Was ich hier vermisse und kritisiere, ist das Fehlen journalistischer Sorgfalt. Ich bin mir nicht sicher, ob man diese Kritik mit „übertriebener Erwartungshaltung“ vom Tisch wischen sollte. Ich verfolge keine idealistischen Ziele, will nicht, dass Jeder Design toll findet, auch hier triffst Du meines Erachtens nicht den Punkt. Was ich mir wünsche, ist eine wahrheitsgetreue Berichterstattung.
In der Frage der präventiven Maßnahmen von Seiten der Stadtverwaltung wie auch der Agentur scheinen wir uns hingegen einig. Mit der Bereitstellung einer entsprechend üppigen Pressemappe hätte man sich in der Tat einigen Gegenwind erspart.
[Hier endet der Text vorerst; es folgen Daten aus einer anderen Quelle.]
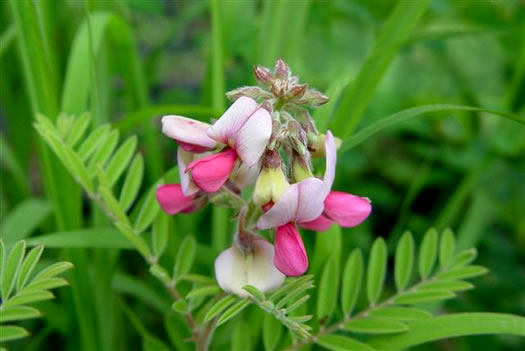 image of Tephrosia virginiana, Virginia Goat's Rue, Devil's Shoestrings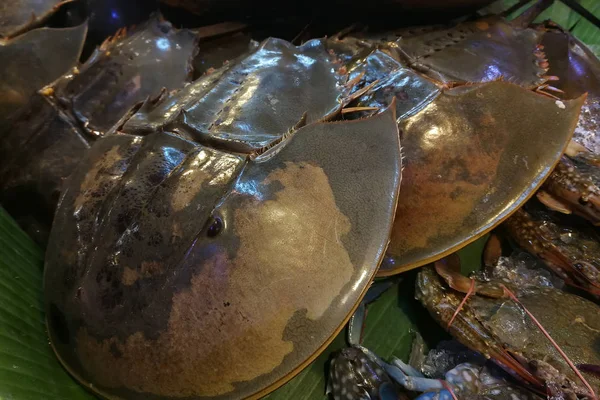 Apéritif Fruits de mer : Crabe frais en fer à cheval sur le marché — Photo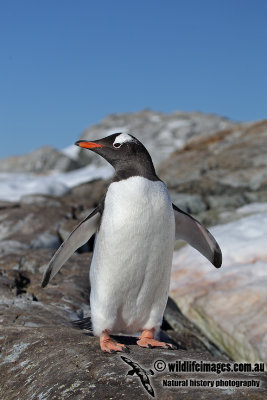 Gentoo Penguin a1713.jpg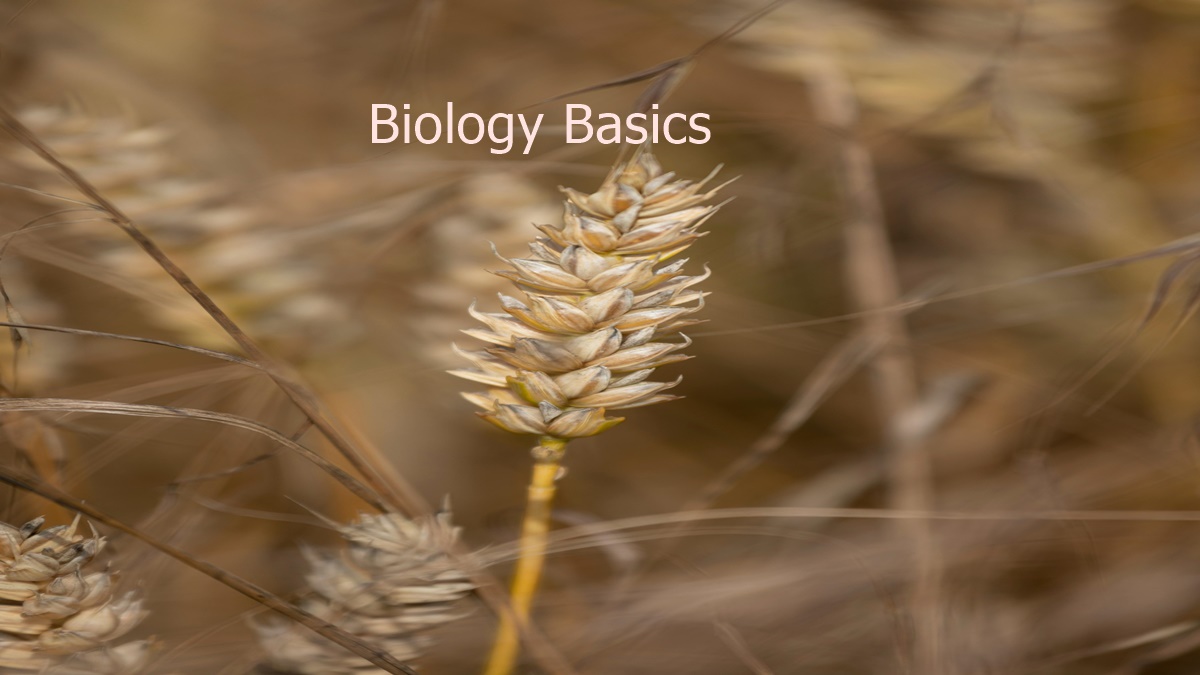 Biology Basics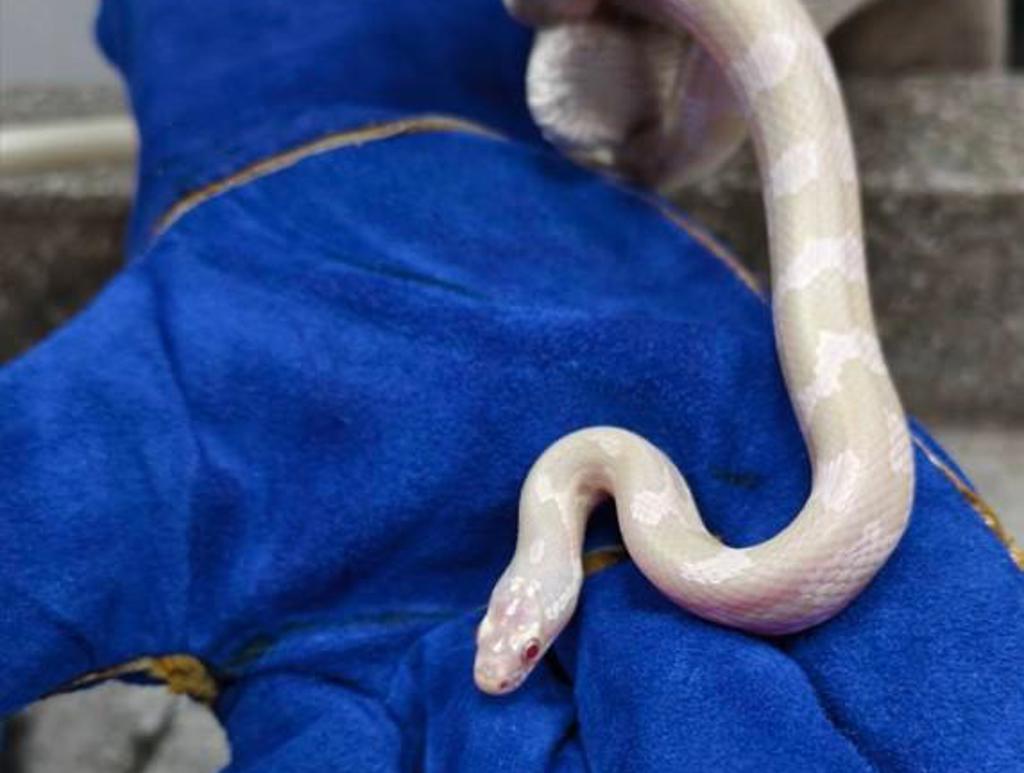 白蛇現蹤彰化 竟是罕見「白化玉米蛇」30日開放抽籤領養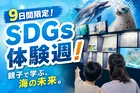 マクセル アクアパーク品川で開催！9日間限定「SDGsウィーク」で海の未来を学ぼう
Ich möchte hier jetzt nicht komplett jede Überschrift, jeden Absatz, und jedes Wort in den verschiedenen Artikeln und Beiträgen durchzitieren, aber insgesamt finde ich die Berichterstattung auch nur durchschnittlich gelungen. Zumindest aus journalistischer Sicht. Klar kommen beide Seiten zu Wort, es wird nicht nur vom Logo gesprochen, aber ich habe oftmals das Gefühl, dass bei Berichten über die Ergebnisse solcher Projekte oftmals trotzdem die subjektive Meinung des Autors bzw. eine vorherrschende Meinung gegenüber der Zunft genutzt bzw gebracht wird um Meinungsmache zu betreiben.
Denn wenn es darum nicht gehen würde, könnte ein solcher Bericht m.M.n. aussehen wie ein Bericht über einen Unfall. Ablaufen, Fakten, Ergebnisse. Was wurde erwartet, was wurde geleistet, wurde das Erwartete seitens der Auftraggeber vom Auftragnehmer erreicht, was hat es gekostet. Aber mit solchen Angaben wie in dem Logovergleich inkl. Kosten (siehe Achims Kommentar) wird einfach ein falsches Bild vermittelt, was dazu führt, dass sich der Laie denkt “schau mal her, das wurde ja fast gar nicht verändert und hat 100.000 Eur gekostet!?”. Das ist für mich der Unterschied zwischen Journalismus und Boulevard. Von Journalisten erwarte ich objektive Berichterstattung. Nicht mehr, aber auch nicht weniger.
Wirklich spaßig finde ich, wie sich hier eine Branche ohne Selbstvertrauen Woche für Woche der eigenen Wichtigkeit versichern muss. Jeder designkritische Zeitungsartikel kratzt am Ego, und die Kontoauszüge tun auch nichts, um etwas gelassener zu werden.
Fakt ist: Ausgaben für Design sind der Öffentlichkeit nicht zu verkaufen, und den Entscheidern in den Unternehmen (und deren “Auftraggeber” wie z.B. Aktionären) auch nicht. Dagegen könnte man vielleicht etwas machen, aber mit dem Fuß aufstampfen und schreien “Aber wir machen SO wichtige Arbeit.” ist vielleicht nicht die beste aller Strategien.
fabienne, ich schätze, du hast da was falsch verstanden. die diskussion um randbedingungen von design ist nicht wichtigmachen sondern auseinandersetzung. wenn man etwas „unter die lupe nimmt“ wird das bild detailreicher.
Ach wie schön, Spiekermann ist auch nur ein Mensch. Er zeigt Schwächen.